American photographer Erik Madigan Heck’s visual language is quite amazing in that sense. In a relatively short career, he has developed a very personal way of looking at fashion. A glance at his book, Old Future – published this year by Thames & Hudson and the subject of an exhibition in Zürich, Switzerland – reveals a clear and distinctive treatment of colours and patterns that form his signature. The series reproduced here was published in April 2017 in the New York Times Magazine. It was Heck’s own idea to produce a fashion portfolio on Comme des Garçons to accompany the launch of Rei Kawakubo’s recent exhibition at the Metropolitan Museum of Art, in a magazine that would normally exclude fashion pages. Again, this is an example of Heck’s unique approach: to work with a non-fashion magazine and focus on Kawakubo’s work – a designer who strives to go beyond fashion and express “abstract images” rather than simply design clothes.
Heck received support from both the New York Times Magazine and Comme des Garçons to photograph six pieces from the Fall 2017 collection. Minimal and pure, the colours in Heck’s photographs resonate with the palette of Rei Kawakubo’s clothes. Called Future of Silhouette, the series pushes fashion photography to a new extent. The white face of model Saskia de Brauw appears here and there on a body slightly out of scale, a body of expanded forms. The history of fashion photography attests that the pendulum has always swung between artificial and natural beauty, yet the obsession with a healthy body – one that is slim, unblemished, and young – has remained. Here, the body takes another direction. For the last 40 years, Kawakubo has been questioning fashion; this collection works with raw material – what Kawakubo calls “nonfabrics”. Heck’s photographs push the concept to new limits, creating imagery that goes beyond traditional fashion photography. Meticulously constructed and enhanced with bright colours, blurring the line between the clothes and the background, his images play with this idea of ‘future’ silhouettes.
Fashion photography is often paradoxical: it is both creative and commercial – produced to order but at the same time generating progressive, experimental, artistic images – whilst representing both haute couture and popular culture. Fashion photography may be regarded as an art form, but it is still an industry that services another (whether high fashion, ready-to-wear, accessories or cosmetics). Photographers, together with fashion designers, produce works which demonstrate that beauty is not a fixed line, but rather one that is in constant flux. Kawakubo also shows how it is an endlessly evolving ideal. This shared obsession with metamorphosis is on vivid display in the photographs Heck created for Comme des Garçons.
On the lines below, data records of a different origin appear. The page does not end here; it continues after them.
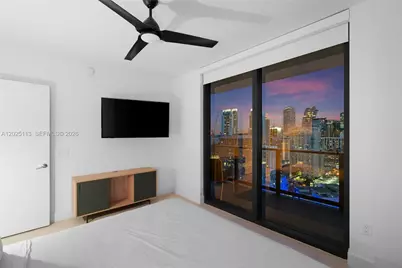 159 NE 6th St #3105, Miami, FL 33132 - Photo 11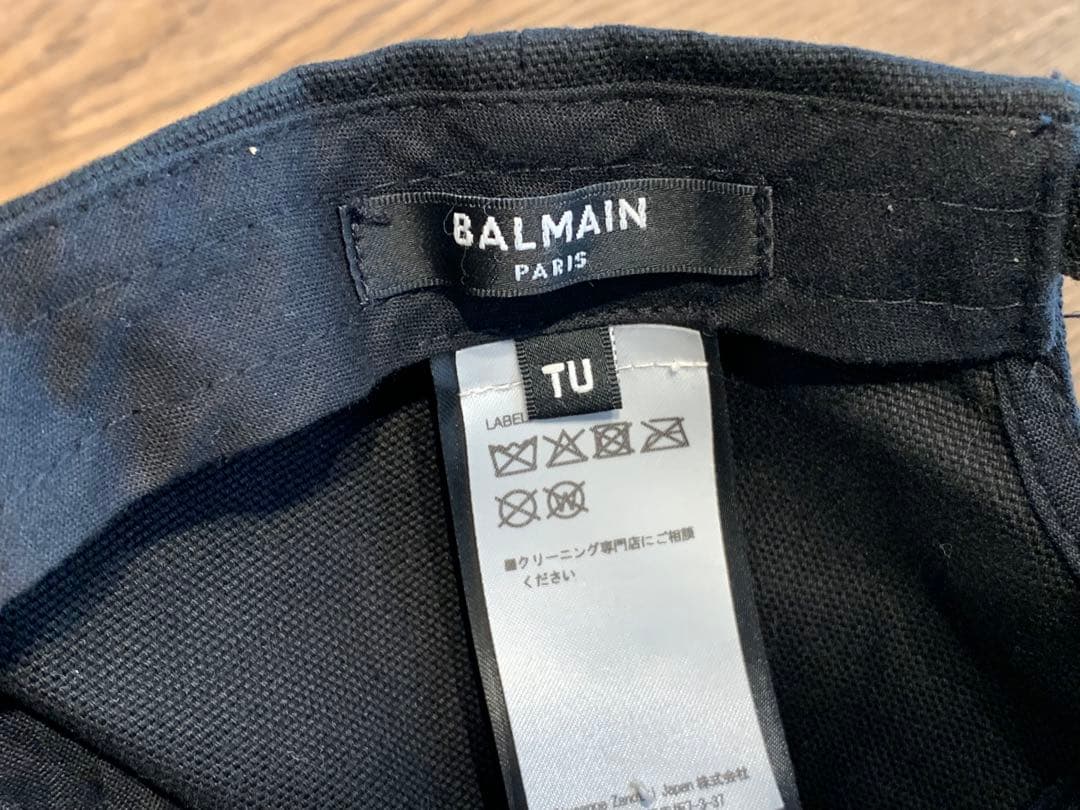 【美品】BALMAIN バルマン　ブラック ベースボールキャップ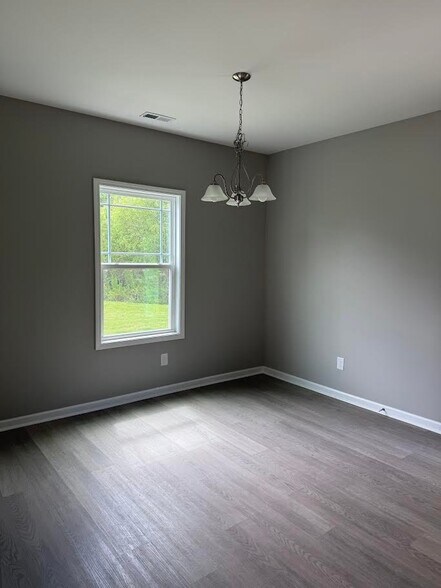 Building Photo - 136 Tang Cir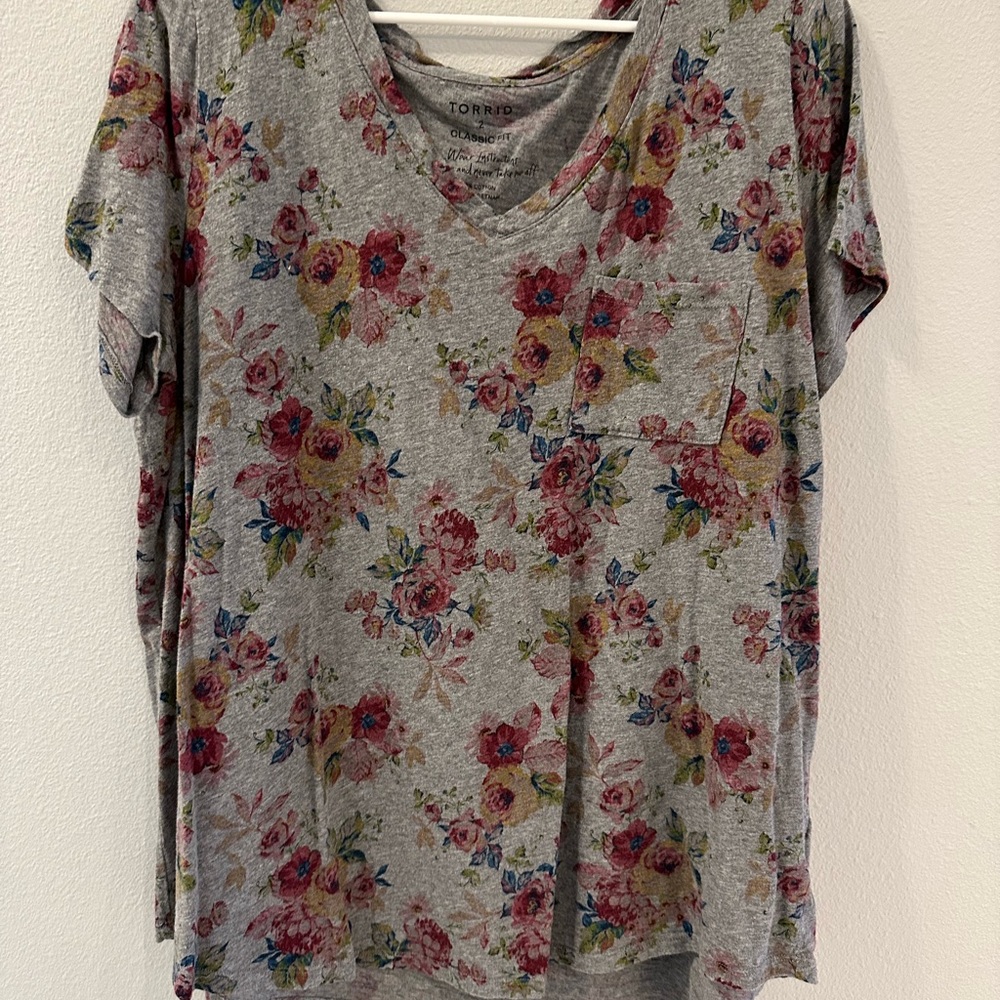 Torrid Gray Floral Short Sleeve Tee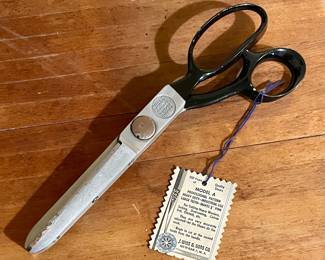 Vintage Model A Wiss Pinking Shears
Heck collaborates with artists he admires, both in fashion and in art. Kawakubo herself belongs to this group. “When I started researching different brands and their designers – from the most mainstream to the most obscure – I began to see fashion as an art form with its own language, aesthetics and creative possibilities,” he writes in Old Future. He would surely agree that fashion photography is the younger sister of modern art.
In the 20th century, photographers commonly stepped from the art world into fashion. Edward Steichen was, together with Alfred Stieglitz, the founder of the journal Camera Work, playing an active role in New York’s 291 gallery where modern art was first exhibited in the early 1900s; Man Ray and Erwin Blumenfeld were closely connected with Dadaist painters; George Hoyningen-Huene was a student with artists André Lhote and Man Ray; William Klein studied with painters André Lhote and Fernand Léger; Horst P. Horst was an assistant to architect Le Corbusier and worked with Salvador Dali. Heck too says he has always looked to painting as a guide to using colours. Among his influences, he doesn’t name photographers, but painters such as Edouard Vuillard, Edgar Degas, Peter Doig, Marlene Dumas and Gerhard Richter. For Heck, “art is a continuum you are meant to build from.”
Nathalie Herschdorfer is a writer and historian of photography.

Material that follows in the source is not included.